**Given records:**
^^^^

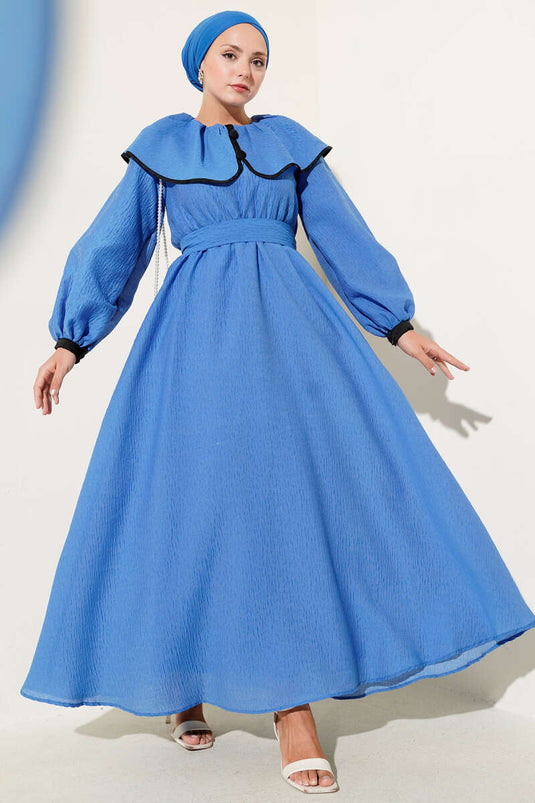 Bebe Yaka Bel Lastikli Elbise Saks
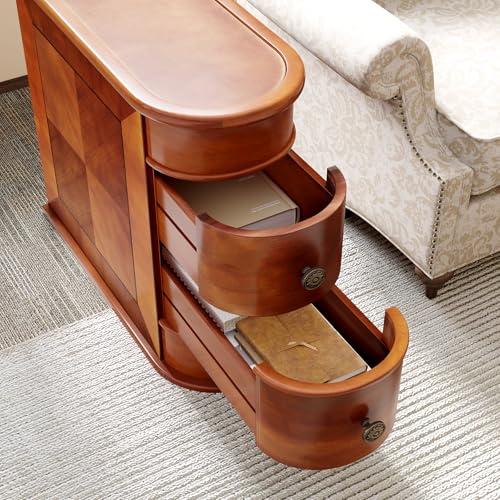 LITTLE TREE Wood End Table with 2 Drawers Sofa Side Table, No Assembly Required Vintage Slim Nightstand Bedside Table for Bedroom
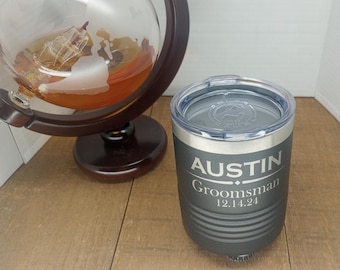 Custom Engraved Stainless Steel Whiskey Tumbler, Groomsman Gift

^^^^

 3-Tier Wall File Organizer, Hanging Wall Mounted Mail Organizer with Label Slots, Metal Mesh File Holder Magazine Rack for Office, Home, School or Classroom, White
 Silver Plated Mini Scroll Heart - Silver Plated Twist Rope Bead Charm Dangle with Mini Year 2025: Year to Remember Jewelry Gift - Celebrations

^^^^

**Action item:** Line for line, output the entries above from the line with "Bebe Yaka Bel Lastikli Elbise Saks" to the line with "Custom Engraved Stainless", both included, and nothing more. Skip pictures.

**Solution:**
 Bebe Yaka Bel Lastikli Elbise Saks
 LITTLE TREE Wood End Table with 2 Drawers Sofa Side Table, No Assembly Required Vintage Slim Nightstand Bedside Table for Bedroom
 Custom Engraved Stainless Steel Whiskey Tumbler, Groomsman Gift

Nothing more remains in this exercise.